SOURCE INFORMATION:
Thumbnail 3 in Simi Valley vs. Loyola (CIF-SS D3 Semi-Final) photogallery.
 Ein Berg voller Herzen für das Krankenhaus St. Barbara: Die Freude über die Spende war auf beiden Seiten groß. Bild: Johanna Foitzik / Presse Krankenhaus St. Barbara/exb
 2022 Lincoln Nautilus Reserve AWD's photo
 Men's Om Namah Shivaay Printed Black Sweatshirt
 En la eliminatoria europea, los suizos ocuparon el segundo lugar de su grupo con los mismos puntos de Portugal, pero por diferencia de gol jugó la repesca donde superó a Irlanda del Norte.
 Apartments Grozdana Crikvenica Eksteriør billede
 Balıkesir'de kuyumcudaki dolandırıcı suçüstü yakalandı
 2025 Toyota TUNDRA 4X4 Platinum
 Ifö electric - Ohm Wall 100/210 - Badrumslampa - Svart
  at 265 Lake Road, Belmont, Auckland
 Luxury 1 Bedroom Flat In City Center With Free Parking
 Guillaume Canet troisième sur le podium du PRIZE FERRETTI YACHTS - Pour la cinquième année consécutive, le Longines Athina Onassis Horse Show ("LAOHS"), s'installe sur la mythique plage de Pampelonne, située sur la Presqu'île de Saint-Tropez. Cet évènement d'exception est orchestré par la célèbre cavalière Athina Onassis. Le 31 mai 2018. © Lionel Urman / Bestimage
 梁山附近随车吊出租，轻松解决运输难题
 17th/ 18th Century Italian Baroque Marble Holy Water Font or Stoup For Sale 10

TRY IT: Would you copy, unchanged, the stretch of the records above that begins at the line containing "Balıkesir'de kuyumcudaki dolandırıcı" and ends at the line containing "Luxury 1 Bedroom", and only that?

YOUR RESPONSE:
 Balıkesir'de kuyumcudaki dolandırıcı suçüstü yakalandı
 2025 Toyota TUNDRA 4X4 Platinum
 Ifö electric - Ohm Wall 100/210 - Badrumslampa - Svart
  at 265 Lake Road, Belmont, Auckland
 Luxury 1 Bedroom Flat In City Center With Free Parking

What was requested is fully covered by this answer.